Quite honestly, you can’t go to school, even with scholarships, without some kind of loan unless your parents have the money to pay for school outright…which is a very small minority of people.

Student loans, like every other kind of loan, are a contract between the institution loaning the money (often backed by the Federal Government) and the individual requesting the loan. Like all those other loans, there is a process by which the lender can seek relief if the individual is not paying their loan back. Garnishments, court, you name it. They have ways to get paid.

So I’m kind of stunned (though I probably shouldn’t be) that members of the state legislature are seeking to decline, suspend, or revoke the licenses of teacher if they haven’t kept up with the student loans. I mean, wow. That seems unnecessarily punitive to me.

I’m curious to know how the sponsors of this bill expect those student loans to ever get paid if the people can’t work, but I’m even more curious to know where it will stop.
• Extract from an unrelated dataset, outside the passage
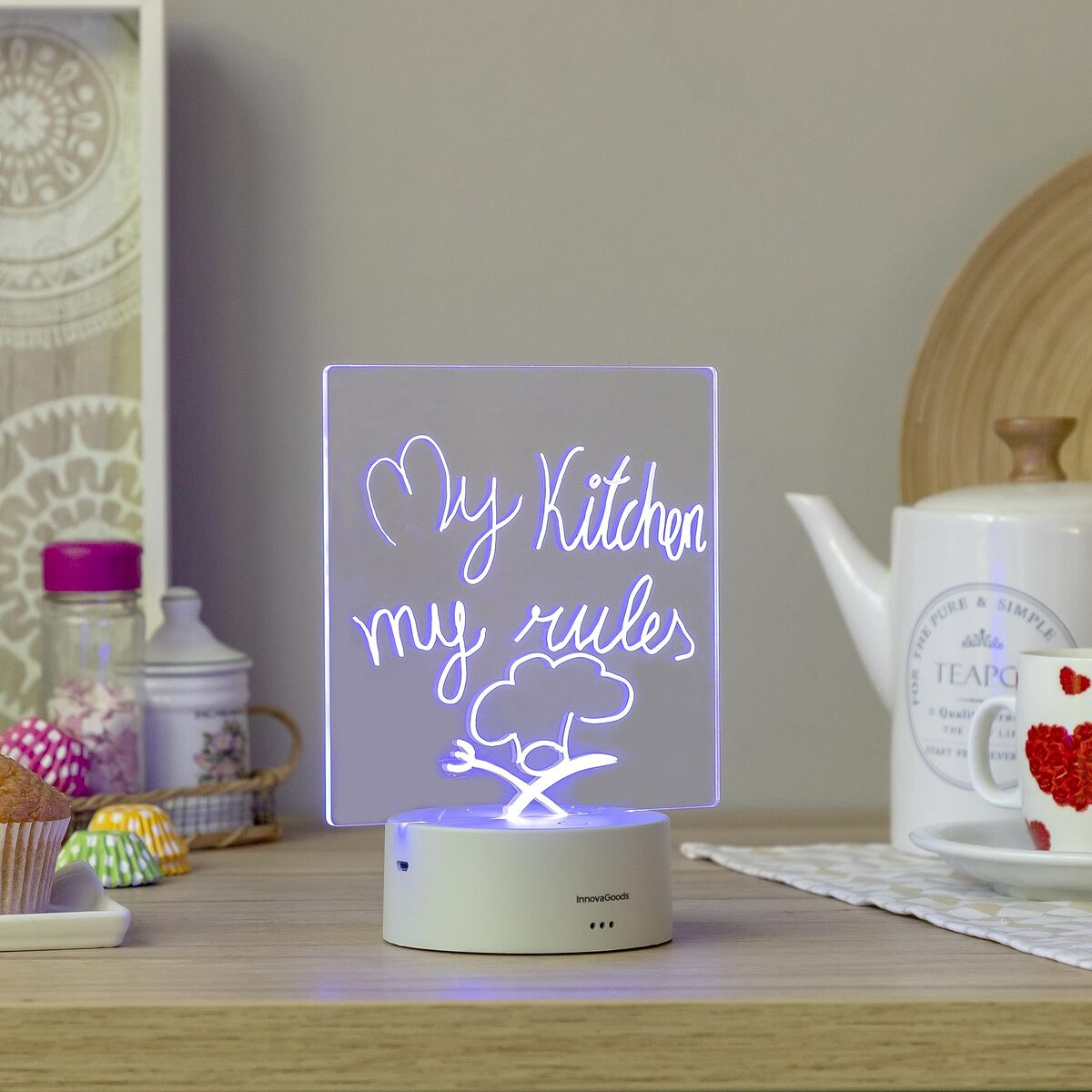 LED-tavle InnovaGoods Grå – Kreativt Notatbord ��– billede 5
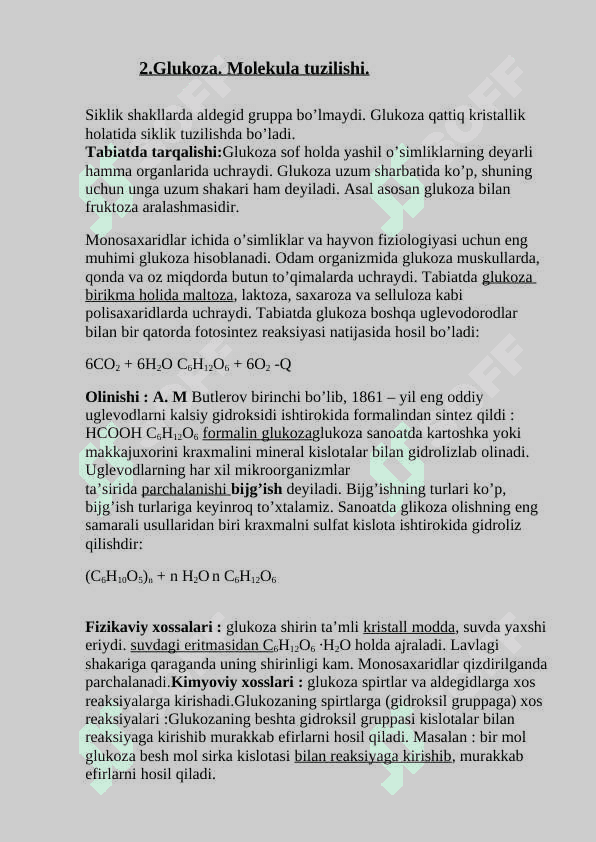 Glyukozani bijg’ishidan olinadigan   mahsulotlar. 4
Will teachers also lose their license for defaulting on a car loan? Paying their credit card bill late? What about the cable bill? I know there are a lot of legislators that collected a pretty penny in donations from ATT when they were pushing their cable service legislation up there a few years ago. Will people get effectively fired for not paying for their uVerse bill?

Tennessee is in the middle of the pack in terms of starting teacher pay (22nd by my count), and 33rd in the nation by average salary. What’s more, because the state government funds education so shabbily (we’re 46th in the nation) most teachers have to spend thousands of dollars of their own money to get the things they need to adequately equip their classrooms.

Considering the average starting salary for a teacher in the state of TN is around $32,400, by the time you take out taxes, school supplies and living expenses there isn’t all that much left for repaying student loans.

This is a choice the Tennessee legislature has made, to be the fourth lowest funder of education in the United States, which, in turn, impacts teacher salaries, equipment, as well as other resources in the educational system and student achievement. Now they are choosing to insert themselves in the personal finances of teachers and punish them if they can’t make it with the meager amount of money they appropriate to education.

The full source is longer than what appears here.